# Star Wars films



## Chris Blount (Jun 22, 2001)

Over the past week I've been watching all 6 Star Wars movies in episodic order. Does anyone other than me think that the best movies of the series (Empire Strikes Back and Return of the Jedi) are NOT directed by George Lucas? As much as I enjoy watching the series, I honestly think that George should stay out of the director's chair. I think he peaked at EP IV which I guess is also quite good since it was the first.


----------



## Ira Lacher (Apr 24, 2002)

What was wrong with _Episode IV - A New Hope_? Also known as the original _Star Wars_, it regularly appears in numerous lists of the best films of all time.


----------



## machavez00 (Nov 2, 2006)

I have also watched them over the past month or two. One thing I have noticed is that the light saber fights in the the original trilogy, which were cool when the movies first came out, weak at best when compared to the prequels. The only fight that is even close is in Ep V, ESB. New Hope (DV vs OWK) is laughable. if there is a way to re shoot the scene and replaced it I would, especially after their battle at the end of Ep. III Ep. VI was ok up until the end.


----------



## dclaryjr (Mar 11, 2007)

Chris Blount said:


> Over the past week I've been watching all 6 Star Wars movies in episodic order. Does anyone other than me think that the best movies of the series (Empire Strikes Back and Return of the Jedi) are NOT directed by George Lucas? As much as I enjoy watching the series, I honestly think that George should stay out of the director's chair. I think he peaked at EP IV which I guess is also quite good since it was the first.
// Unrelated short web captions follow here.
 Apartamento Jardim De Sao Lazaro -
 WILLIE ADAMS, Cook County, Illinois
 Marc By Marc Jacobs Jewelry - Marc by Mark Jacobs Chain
I had 1 through 5 saved in HD on my SA8300 when I turned it in after getting E* installed.  Now I'll have to wait for the next rotation on HBO to get them all again.
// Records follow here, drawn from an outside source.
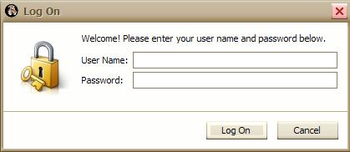 RBD PhotoJournal 2010 screenshot 4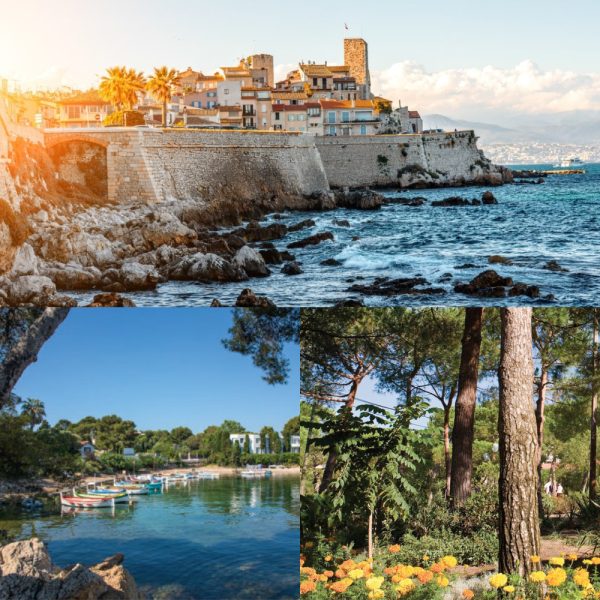Juan-les-Pins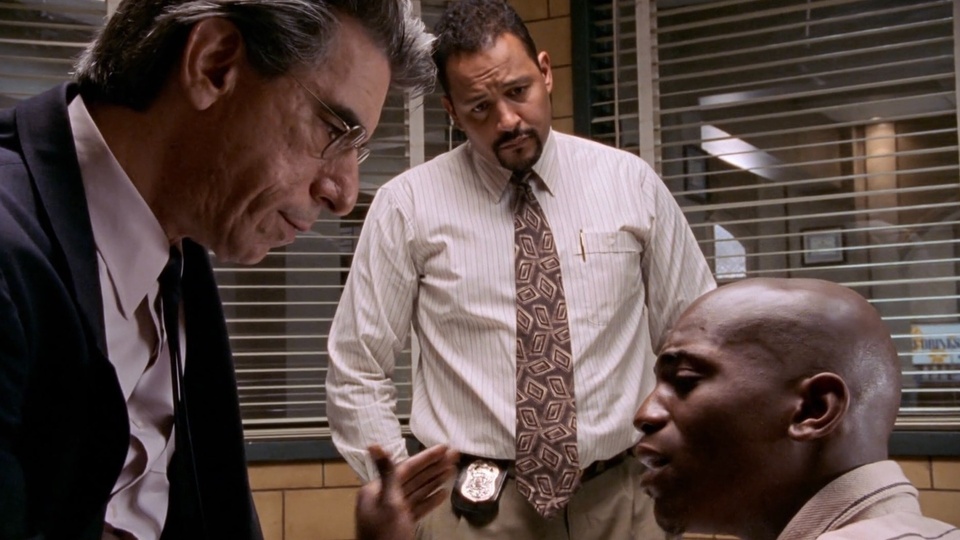 Homicide: Life on the Street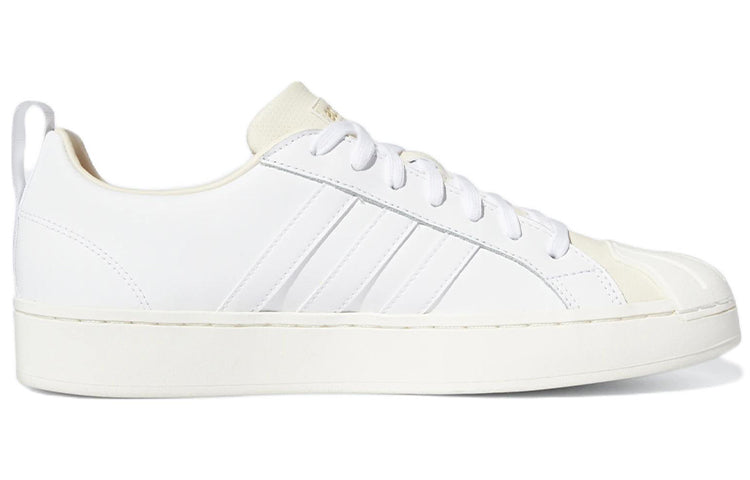 adidas neo Streetcheck 'White' GZ3981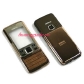 Vỏ Nokia 6300 cafe _ Nokia 6300 Housing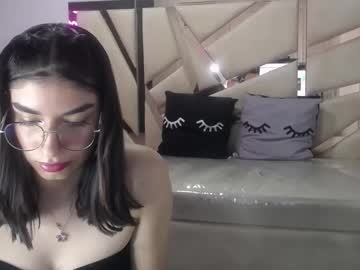 Cherrygirl_A Chaturbate stream image from July 15, 2025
When I watch the final episode, it seemed the ending was different (not just the switchout of the Annikan character). I thought the final party with the Ewoks went a little longer in the original.


----------



## Chris Blount (Jun 22, 2001)

Ira Lacher said:


> What was wrong with _Episode IV - A New Hope_? Also known as the original _Star Wars_, it regularly appears in numerous lists of the best films of all time.


There is nothing wrong with EP IV which is why I mentioned it at the end of my post. Looking at it objectively though, the movie is a little cheesy. When I first saw it in 1977, I remember thinking how it reminded me of an episode of Flash Gordon but I believe that is what Lucas was going for.
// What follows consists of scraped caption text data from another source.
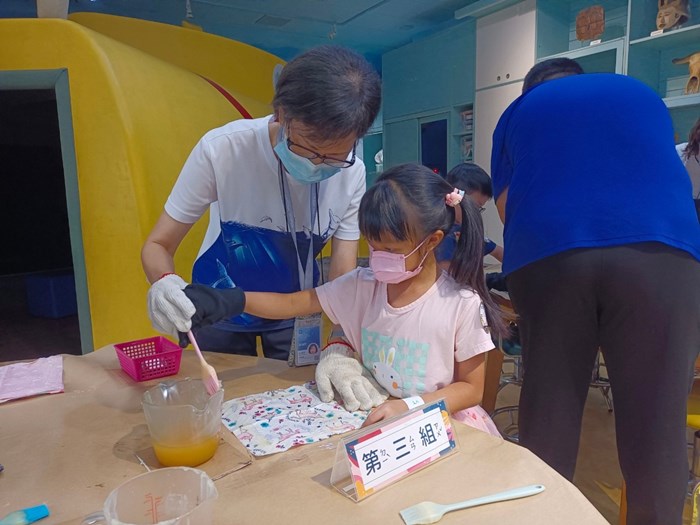 幼兒園：科學解蜜(8/9)-圖片28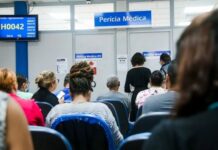 INSS: fila de espera por perícia é zerada em agosto com novas medidas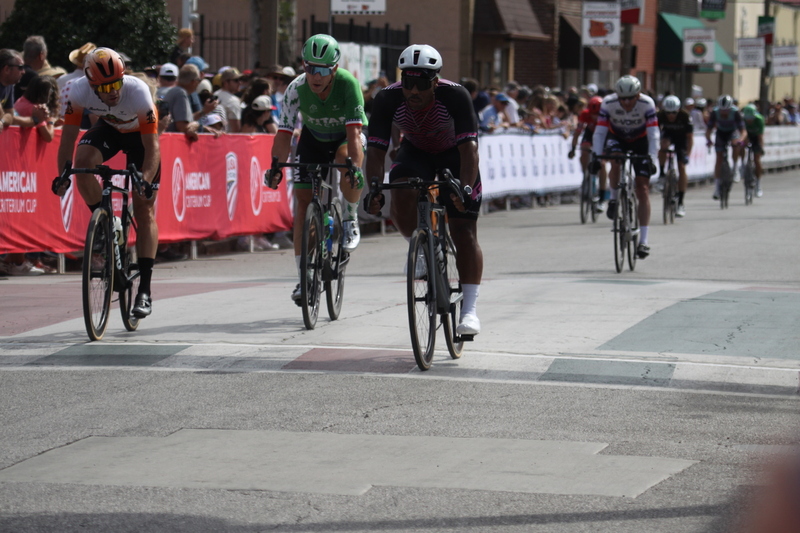 Giro della Montagna 2025 C -LXVIII.jpg :: Giro della Montagna 2025/Gateway Cup 2025 - August 31st 2025 - The Giro della Montagna began in 1986 and was the brainchild of lifetime resident, Joe Torrisi with the help of the St. Louis Cyclones the event took years to gain some momentum. It was held over the Fourth of July weekend to draw additional racers who were in town for the VP Fair cycling racers which were being held downtown the same weekend. The Giro became the cornerstone of the Gateway cup in 1998 and more recently has been coordinated by the events group from Big Shark Bicycle Company. -Gateway Cup Website - USA Cycling has established a system of racing categories to classify riders in various cycling disciplines, including road, track, cyclocross, and mountain biking. The categories help ensure fair competition by grouping riders of similar abilities together. Here's a breakdown of the categories for different cycling disciplines. - USA Cycling Website -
The Empire Strikes Back and Return Of the Jedi, IMHO, are far and above the others both in visual style and pacing. EP 1, 2, and 3, while artistically superior, do show a lack of good storytelling which I believe Lucas can't do as well as other directors in the industry.

Flame suit on.


----------



## Chris Blount (Jun 22, 2001)

dclaryjr said:


> I had 1 through 5 saved in HD on my SA8300 when I turned it in after getting E* installed.  Now I'll have to wait for the next rotation on HBO to get them all again.
> 
> When I watch the final episode, it seemed the ending was different (not just the switchout of the Annikan character). I thought the final party with the Ewoks went a little longer in the original.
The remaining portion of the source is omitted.